= Monin–Obukhov length =

Variable in atmospheric physics

The Obukhov length is used to describe the effects of buoyancy on turbulent flows, particularly in the lower tenth of the atmospheric boundary layer. It was first defined by Alexander Obukhov in 1946. It is also known as the Monin–Obukhov length because of its important role in the similarity theory developed by Monin and Obukhov. A simple definition of the Monin-Obukhov length is that height at which turbulence is generated more by buoyancy than by wind shear.
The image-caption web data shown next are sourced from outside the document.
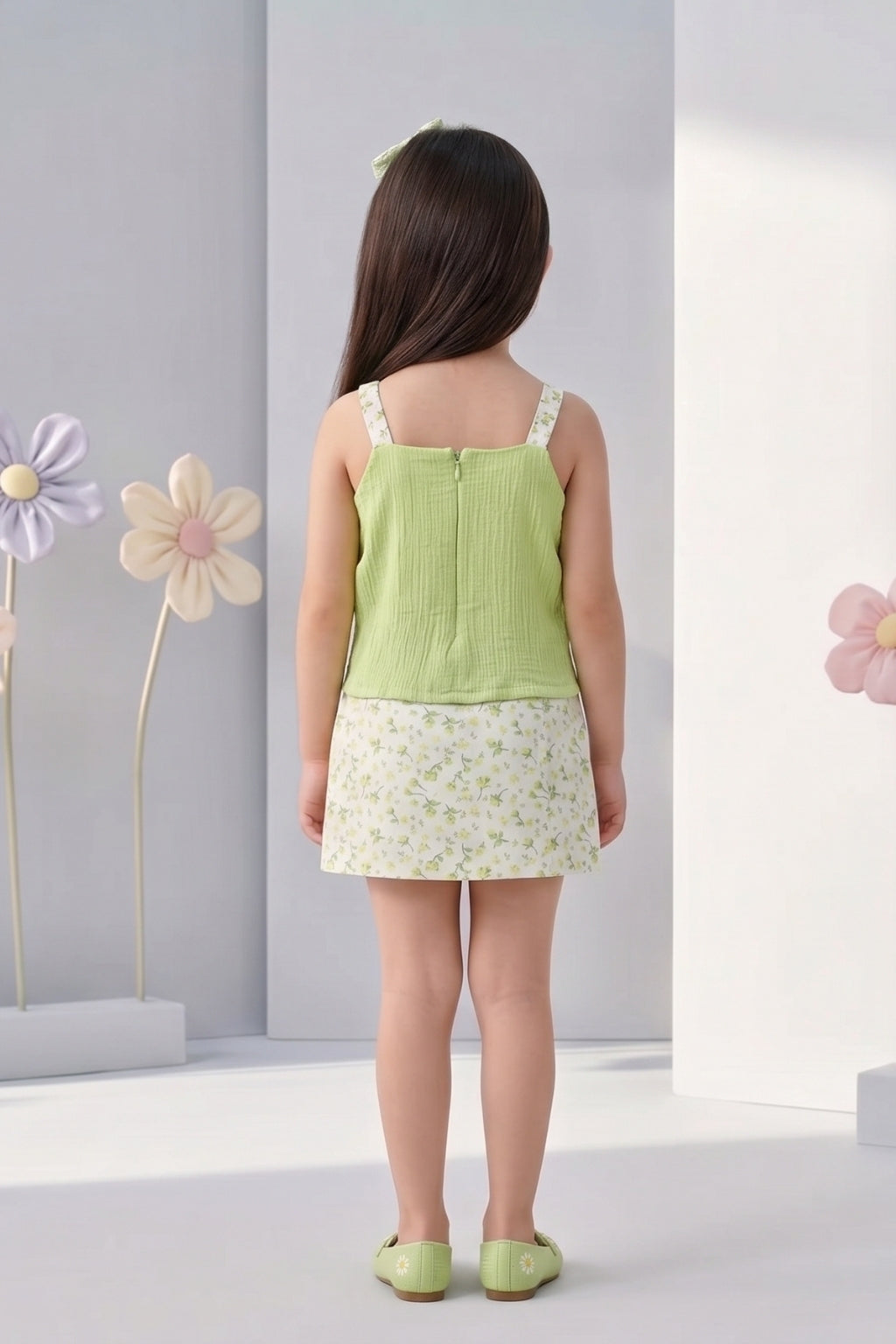 Pista Green Bow Detail Co-Ord Set 1082
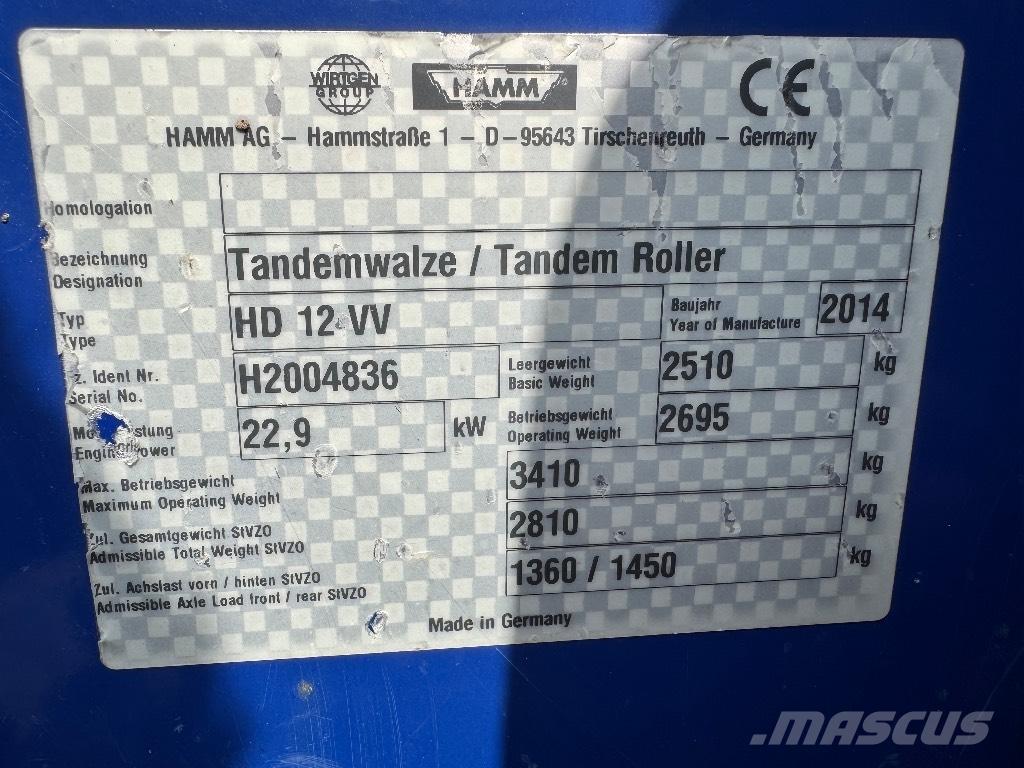 Hamm HD 12 VV Катки тротуарные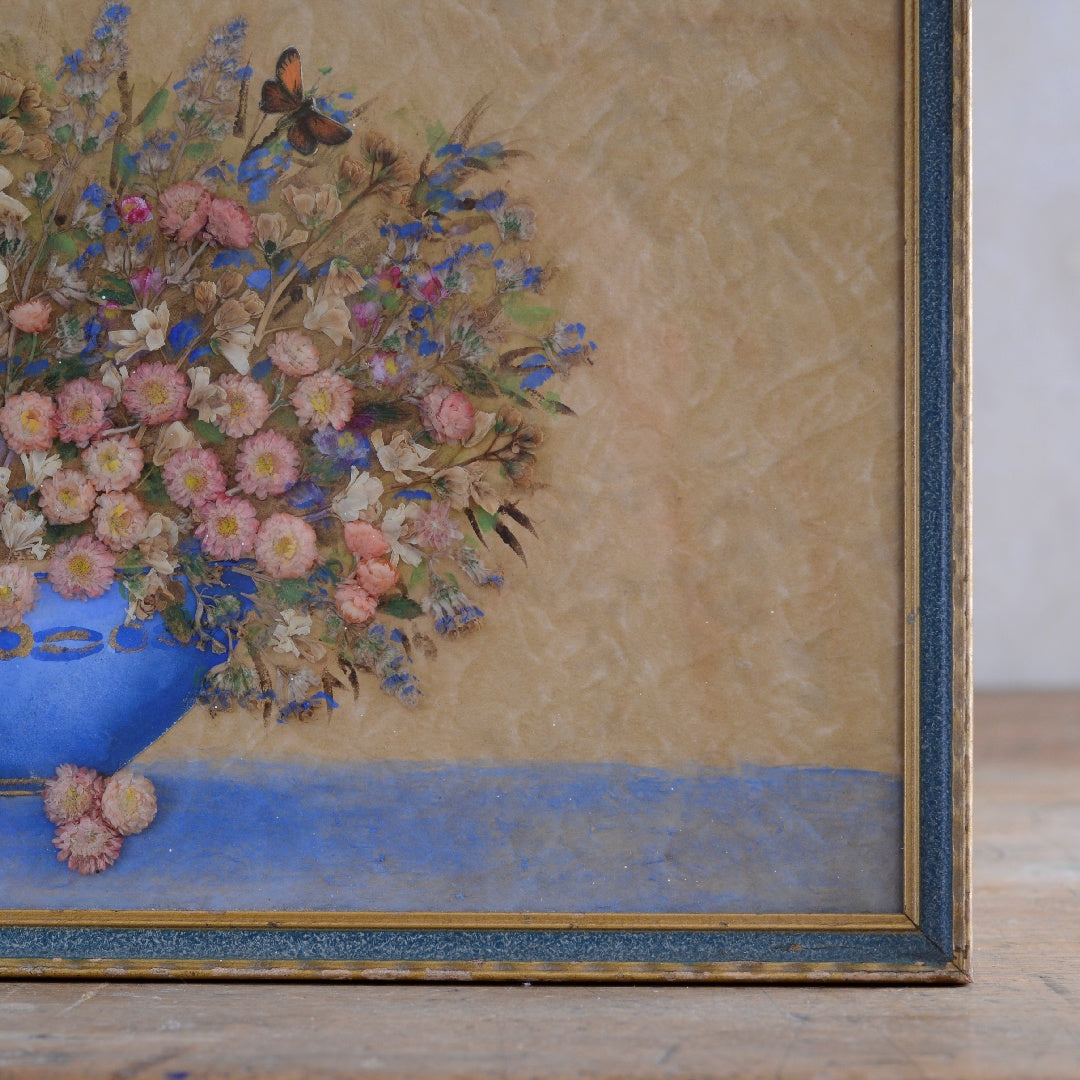 Dried Flowers Still Life under Glass - 1920's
The Obukhov length is defined by

$L = - \frac{u^3_*\bar\theta_v}{kg(\overline {w^'\theta^'_v})_s}$

where $u_*$ is the frictional velocity, $\bar\theta_v$ is the mean virtual potential temperature, $(\overline{w^'\theta^'_v})_s$ is the surface virtual potential temperature flux, k is the von Kármán constant. If not known, the virtual potential temperature flux can be approximated with:

$\overline {w^'\theta^'_v}=\overline {w^'\theta^'}(1+0.61\overline{r})+0.61\overline{\theta}\; \overline {w^'r^'}$

where $\theta$ is potential temperature, and $r$ is mixing ratio.
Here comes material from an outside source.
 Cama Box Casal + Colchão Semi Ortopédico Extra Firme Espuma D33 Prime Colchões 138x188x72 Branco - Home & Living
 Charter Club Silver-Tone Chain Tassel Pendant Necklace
By this definition, $L$ is usually negative in the daytime since $\overline {w^'\theta^'_v}$ is typically positive during the daytime over land, positive at night when $\overline {w^'\theta^'_v}$ is typically negative, and becomes infinite at dawn and dusk when $\overline {w^'\theta^'_v}$ passes through zero.

A physical interpretation of $L$ is given by the Monin–Obukhov similarity theory. During the day $-L$ is the height at which the buoyant production of turbulence kinetic energy (TKE) is equal to that produced by the shearing action of the wind (shear production of TKE).